▶ WHAT THE TASK ASKS
Please output the entries below exactly as they are.

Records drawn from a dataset
+-------+

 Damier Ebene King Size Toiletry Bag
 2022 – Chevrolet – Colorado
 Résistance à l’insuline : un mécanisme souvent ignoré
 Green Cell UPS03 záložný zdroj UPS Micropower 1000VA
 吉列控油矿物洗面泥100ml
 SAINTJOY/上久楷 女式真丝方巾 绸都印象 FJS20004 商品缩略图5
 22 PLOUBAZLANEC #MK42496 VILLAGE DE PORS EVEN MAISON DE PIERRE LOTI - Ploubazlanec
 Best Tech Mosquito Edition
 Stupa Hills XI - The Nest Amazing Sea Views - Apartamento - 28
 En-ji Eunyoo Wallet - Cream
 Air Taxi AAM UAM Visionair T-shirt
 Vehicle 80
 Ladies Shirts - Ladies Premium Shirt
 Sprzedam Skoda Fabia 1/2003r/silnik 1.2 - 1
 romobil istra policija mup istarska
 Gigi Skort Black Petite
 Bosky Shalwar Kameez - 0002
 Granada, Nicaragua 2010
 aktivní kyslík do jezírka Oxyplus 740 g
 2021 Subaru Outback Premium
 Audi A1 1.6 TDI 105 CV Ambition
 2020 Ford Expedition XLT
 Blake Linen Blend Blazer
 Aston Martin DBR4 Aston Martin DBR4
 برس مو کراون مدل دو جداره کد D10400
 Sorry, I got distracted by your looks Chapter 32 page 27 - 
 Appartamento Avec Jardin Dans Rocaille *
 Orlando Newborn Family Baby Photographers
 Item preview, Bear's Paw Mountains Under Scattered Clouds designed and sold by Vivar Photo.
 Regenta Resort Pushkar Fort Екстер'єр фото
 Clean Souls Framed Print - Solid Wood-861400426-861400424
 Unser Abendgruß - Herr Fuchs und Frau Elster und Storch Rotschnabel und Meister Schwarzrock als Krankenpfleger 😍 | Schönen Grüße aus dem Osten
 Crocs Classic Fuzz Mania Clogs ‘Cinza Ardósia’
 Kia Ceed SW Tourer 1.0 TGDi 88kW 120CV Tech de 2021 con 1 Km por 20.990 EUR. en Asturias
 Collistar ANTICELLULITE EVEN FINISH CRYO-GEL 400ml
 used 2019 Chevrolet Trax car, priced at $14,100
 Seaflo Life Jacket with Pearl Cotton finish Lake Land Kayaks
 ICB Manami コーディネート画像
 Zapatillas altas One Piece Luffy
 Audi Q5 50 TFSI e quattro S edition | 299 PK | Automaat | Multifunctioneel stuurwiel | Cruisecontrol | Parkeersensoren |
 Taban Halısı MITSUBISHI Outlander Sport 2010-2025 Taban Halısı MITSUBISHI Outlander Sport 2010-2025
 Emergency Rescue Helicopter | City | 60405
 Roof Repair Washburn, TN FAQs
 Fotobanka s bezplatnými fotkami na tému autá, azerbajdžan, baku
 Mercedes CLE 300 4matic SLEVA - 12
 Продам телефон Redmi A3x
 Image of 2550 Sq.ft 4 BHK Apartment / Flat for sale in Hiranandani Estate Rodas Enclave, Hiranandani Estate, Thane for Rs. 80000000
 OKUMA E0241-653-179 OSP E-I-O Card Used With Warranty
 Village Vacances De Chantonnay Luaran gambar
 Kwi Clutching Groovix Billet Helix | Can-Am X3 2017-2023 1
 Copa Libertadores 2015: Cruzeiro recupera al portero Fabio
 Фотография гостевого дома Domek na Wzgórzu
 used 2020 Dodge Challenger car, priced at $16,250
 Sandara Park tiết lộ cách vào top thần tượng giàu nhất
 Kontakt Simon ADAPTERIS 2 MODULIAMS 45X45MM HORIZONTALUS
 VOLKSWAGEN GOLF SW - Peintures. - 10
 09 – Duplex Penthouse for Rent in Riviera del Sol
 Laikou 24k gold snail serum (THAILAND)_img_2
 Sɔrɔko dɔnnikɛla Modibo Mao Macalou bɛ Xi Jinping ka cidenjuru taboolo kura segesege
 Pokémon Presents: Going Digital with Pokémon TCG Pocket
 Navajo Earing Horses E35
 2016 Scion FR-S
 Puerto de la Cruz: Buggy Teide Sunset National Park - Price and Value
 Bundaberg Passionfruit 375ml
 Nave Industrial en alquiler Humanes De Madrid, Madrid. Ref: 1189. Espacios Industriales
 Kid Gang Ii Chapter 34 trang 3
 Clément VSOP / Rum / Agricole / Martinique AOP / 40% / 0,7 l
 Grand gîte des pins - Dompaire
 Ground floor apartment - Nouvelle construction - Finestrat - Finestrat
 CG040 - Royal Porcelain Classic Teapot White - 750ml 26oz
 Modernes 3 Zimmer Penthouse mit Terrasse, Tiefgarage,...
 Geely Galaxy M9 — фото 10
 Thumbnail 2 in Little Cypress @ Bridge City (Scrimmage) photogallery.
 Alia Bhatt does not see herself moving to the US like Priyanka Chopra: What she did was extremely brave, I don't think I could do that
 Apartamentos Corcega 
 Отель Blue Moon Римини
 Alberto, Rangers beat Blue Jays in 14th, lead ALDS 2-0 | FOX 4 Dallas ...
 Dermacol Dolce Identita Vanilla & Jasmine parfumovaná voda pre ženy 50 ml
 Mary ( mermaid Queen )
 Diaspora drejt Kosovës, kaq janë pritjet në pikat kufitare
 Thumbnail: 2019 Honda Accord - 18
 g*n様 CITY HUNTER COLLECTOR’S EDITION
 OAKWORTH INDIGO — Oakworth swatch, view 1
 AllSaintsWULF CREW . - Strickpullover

+-------+

▶ OUTPUT
 Damier Ebene King Size Toiletry Bag
 2022 – Chevrolet – Colorado
 Résistance à l’insuline : un mécanisme souvent ignoré
 Green Cell UPS03 záložný zdroj UPS Micropower 1000VA
 吉列控油矿物洗面泥100ml
 SAINTJOY/上久楷 女式真丝方巾 绸都印象 FJS20004 商品缩略图5
 22 PLOUBAZLANEC #MK42496 VILLAGE DE PORS EVEN MAISON DE PIERRE LOTI - Ploubazlanec
 Best Tech Mosquito Edition
 Stupa Hills XI - The Nest Amazing Sea Views - Apartamento - 28
 En-ji Eunyoo Wallet - Cream
 Air Taxi AAM UAM Visionair T-shirt
 Vehicle 80
 Ladies Shirts - Ladies Premium Shirt
 Sprzedam Skoda Fabia 1/2003r/silnik 1.2 - 1
 romobil istra policija mup istarska
 Gigi Skort Black Petite
 Bosky Shalwar Kameez - 0002
 Granada, Nicaragua 2010
 aktivní kyslík do jezírka Oxyplus 740 g
 2021 Subaru Outback Premium
 Audi A1 1.6 TDI 105 CV Ambition
 2020 Ford Expedition XLT
 Blake Linen Blend Blazer
 Aston Martin DBR4 Aston Martin DBR4
 برس مو کراون مدل دو جداره کد D10400
 Sorry, I got distracted by your looks Chapter 32 page 27 - 
 Appartamento Avec Jardin Dans Rocaille *
 Orlando Newborn Family Baby Photographers
 Item preview, Bear's Paw Mountains Under Scattered Clouds designed and sold by Vivar Photo.
 Regenta Resort Pushkar Fort Екстер'єр фото
 Clean Souls Framed Print - Solid Wood-861400426-861400424
 Unser Abendgruß - Herr Fuchs und Frau Elster und Storch Rotschnabel und Meister Schwarzrock als Krankenpfleger 😍 | Schönen Grüße aus dem Osten
 Crocs Classic Fuzz Mania Clogs ‘Cinza Ardósia’
 Kia Ceed SW Tourer 1.0 TGDi 88kW 120CV Tech de 2021 con 1 Km por 20.990 EUR. en Asturias
 Collistar ANTICELLULITE EVEN FINISH CRYO-GEL 400ml
 used 2019 Chevrolet Trax car, priced at $14,100
 Seaflo Life Jacket with Pearl Cotton finish Lake Land Kayaks
 ICB Manami コーディネート画像
 Zapatillas altas One Piece Luffy
 Audi Q5 50 TFSI e quattro S edition | 299 PK | Automaat | Multifunctioneel stuurwiel | Cruisecontrol | Parkeersensoren |
 Taban Halısı MITSUBISHI Outlander Sport 2010-2025 Taban Halısı MITSUBISHI Outlander Sport 2010-2025
 Emergency Rescue Helicopter | City | 60405
 Roof Repair Washburn, TN FAQs
 Fotobanka s bezplatnými fotkami na tému autá, azerbajdžan, baku
 Mercedes CLE 300 4matic SLEVA - 12
 Продам телефон Redmi A3x
 Image of 2550 Sq.ft 4 BHK Apartment / Flat for sale in Hiranandani Estate Rodas Enclave, Hiranandani Estate, Thane for Rs. 80000000
 OKUMA E0241-653-179 OSP E-I-O Card Used With Warranty
 Village Vacances De Chantonnay Luaran gambar
 Kwi Clutching Groovix Billet Helix | Can-Am X3 2017-2023 1
 Copa Libertadores 2015: Cruzeiro recupera al portero Fabio
 Фотография гостевого дома Domek na Wzgórzu
 used 2020 Dodge Challenger car, priced at $16,250
 Sandara Park tiết lộ cách vào top thần tượng giàu nhất
 Kontakt Simon ADAPTERIS 2 MODULIAMS 45X45MM HORIZONTALUS
 VOLKSWAGEN GOLF SW - Peintures. - 10
 09 – Duplex Penthouse for Rent in Riviera del Sol
 Laikou 24k gold snail serum (THAILAND)_img_2
 Sɔrɔko dɔnnikɛla Modibo Mao Macalou bɛ Xi Jinping ka cidenjuru taboolo kura segesege
 Pokémon Presents: Going Digital with Pokémon TCG Pocket
 Navajo Earing Horses E35
 2016 Scion FR-S
 Puerto de la Cruz: Buggy Teide Sunset National Park - Price and Value
 Bundaberg Passionfruit 375ml
 Nave Industrial en alquiler Humanes De Madrid, Madrid. Ref: 1189. Espacios Industriales
 Kid Gang Ii Chapter 34 trang 3
 Clément VSOP / Rum / Agricole / Martinique AOP / 40% / 0,7 l
 Grand gîte des pins - Dompaire
 Ground floor apartment - Nouvelle construction - Finestrat - Finestrat
 CG040 - Royal Porcelain Classic Teapot White - 750ml 26oz
 Modernes 3 Zimmer Penthouse mit Terrasse, Tiefgarage,...
 Geely Galaxy M9 — фото 10
 Thumbnail 2 in Little Cypress @ Bridge City (Scrimmage) photogallery.
 Alia Bhatt does not see herself moving to the US like Priyanka Chopra: What she did was extremely brave, I don't think I could do that
 Apartamentos Corcega 
 Отель Blue Moon Римини
 Alberto, Rangers beat Blue Jays in 14th, lead ALDS 2-0 | FOX 4 Dallas ...
 Dermacol Dolce Identita Vanilla & Jasmine parfumovaná voda pre ženy 50 ml
 Mary ( mermaid Queen )
 Diaspora drejt Kosovës, kaq janë pritjet në pikat kufitare
 Thumbnail: 2019 Honda Accord - 18
 g*n様 CITY HUNTER COLLECTOR’S EDITION
 OAKWORTH INDIGO — Oakworth swatch, view 1
 AllSaintsWULF CREW . - Strickpullover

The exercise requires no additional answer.